15. This MOU does not create any legally binding obligations, confer any rights, or modify or supersede domestic laws or regulations. This MOU does not confer upon any Person the right or ability directly or indirectly to obtain, suppress, or exclude any information or to challenge the execution of a request for assistance under this MOU.

16. This MOU is not intended to limit or condition the discretion of an Authority in any way in the discharge of its regulatory responsibilities or to prejudice the individual responsibilities or autonomy of any Authority. This MOU does not limit an Authority to taking solely those measures described herein in fulfillment of its supervisory functions. In particular, this MOU does not affect any right of any Authority to communicate with, conduct an On-Site Visit of (subject to the procedures described in Article Five), or obtain information or documents from any Person subject to its jurisdiction that is physically located in the jurisdiction of another Authority.

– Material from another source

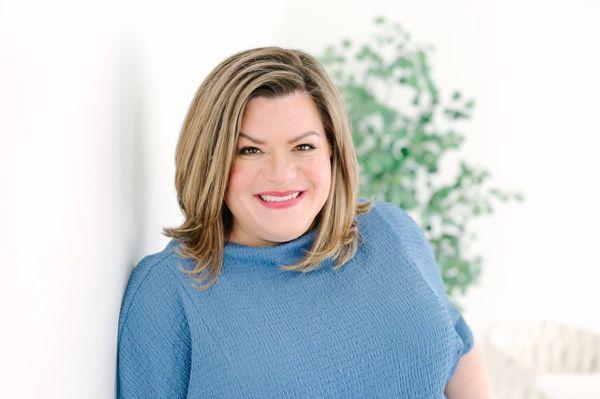 Stacy Perkins Smith, LCPC, NCC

17. This MOU is intended to complement but does not alter, except where explicitly noted, the terms and conditions of the following existing arrangements:

a. The IOSCO Multilateral Memorandum of Understanding Concerning Consultation and Cooperation and the Exchange of Information (revised May 2012) ("IOSCO MMOU"), to which the Authorities are signatories, which covers primarily information sharing in the context of enforcement matters; and

b. any arrangements that have been or may be entered into between the OSC and the European Securities and Markets Authority ("ESMA") with regard to their respective responsibilities in connection with CCPs.

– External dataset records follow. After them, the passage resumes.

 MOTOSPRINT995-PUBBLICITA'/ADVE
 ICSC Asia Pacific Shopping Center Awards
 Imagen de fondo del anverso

18. To facilitate cooperation under this MOU, the Authorities hereby designate contact persons as set forth in Appendix A, which may be amended from time to time by an Authority transmitting revised contact information to the other Authorities.

ARTICLE THREE: SCOPE OF SUPERVISORY CONSULTATION, COOPERATION, AND EXCHANGE OF INFORMATION

General

19. The Authorities recognize the importance of close communication concerning Cross-Border Covered Entities and intend to consult regularly, as appropriate, regarding:

a. General supervisory issues, including regulatory, oversight, or other related developments;

b. Issues relevant to the operations, activities, and regulation of Cross-Border Covered Entities; and

c. Any other areas of mutual supervisory interest.

20. The Authorities recognize in particular the importance of close cooperation in the event that a Cross-Border Covered Entity experiences, or is threatened by, a potential financial crisis or other Emergency Situation.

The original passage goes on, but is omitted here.